→ DATA EXCERPT:
▶
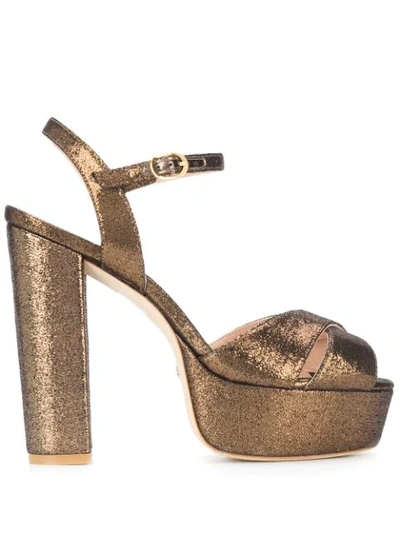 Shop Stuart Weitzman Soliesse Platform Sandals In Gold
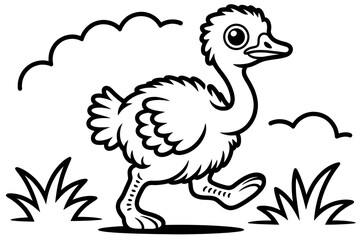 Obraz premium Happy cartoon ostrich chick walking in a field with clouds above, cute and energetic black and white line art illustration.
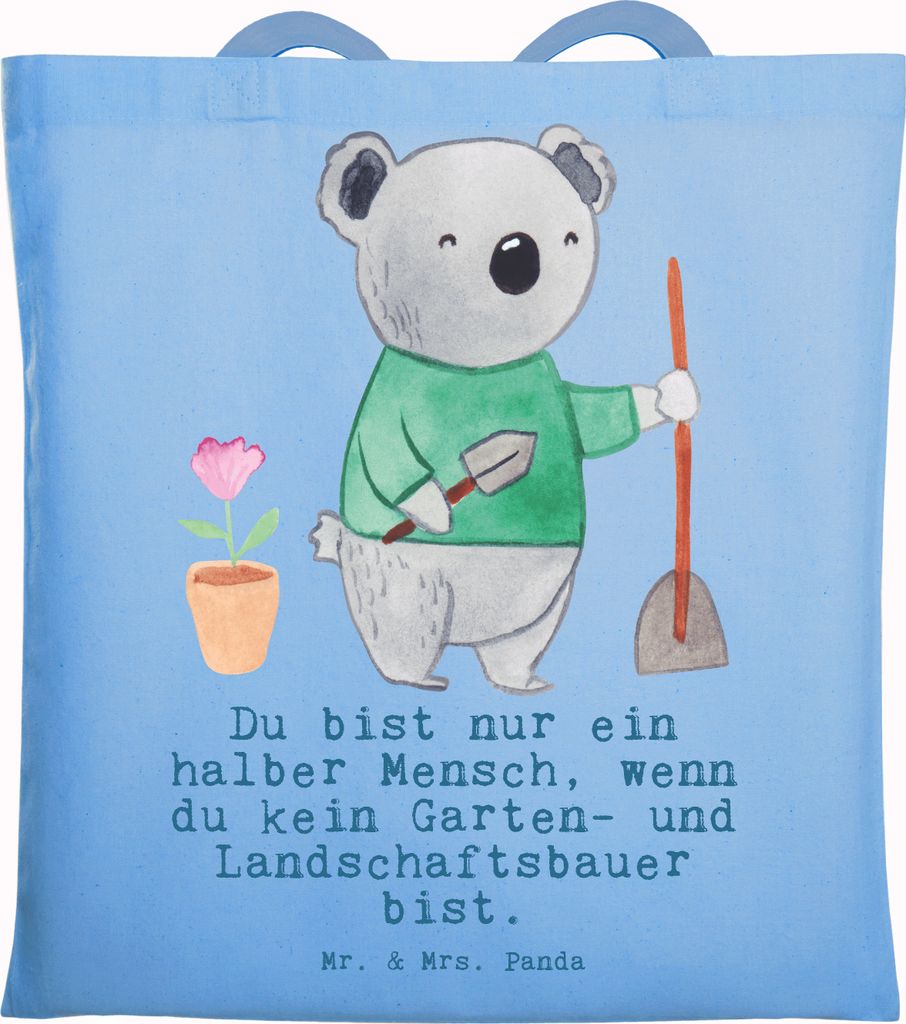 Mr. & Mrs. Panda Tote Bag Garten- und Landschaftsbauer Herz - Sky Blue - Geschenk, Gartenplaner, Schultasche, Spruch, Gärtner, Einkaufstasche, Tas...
◀
→ TASK DIRECTIONS: Restate word for word the lines beginning with the one that contains "Obraz premium Happy" and ending with the last line of the listing; pictures stay out.

→ WRITTEN ANSWER:
 Obraz premium Happy cartoon ostrich chick walking in a field with clouds above, cute and energetic black and white line art illustration.
 Mr. & Mrs. Panda Tote Bag Garten- und Landschaftsbauer Herz - Sky Blue - Geschenk, Gartenplaner, Schultasche, Spruch, Gärtner, Einkaufstasche, Tas...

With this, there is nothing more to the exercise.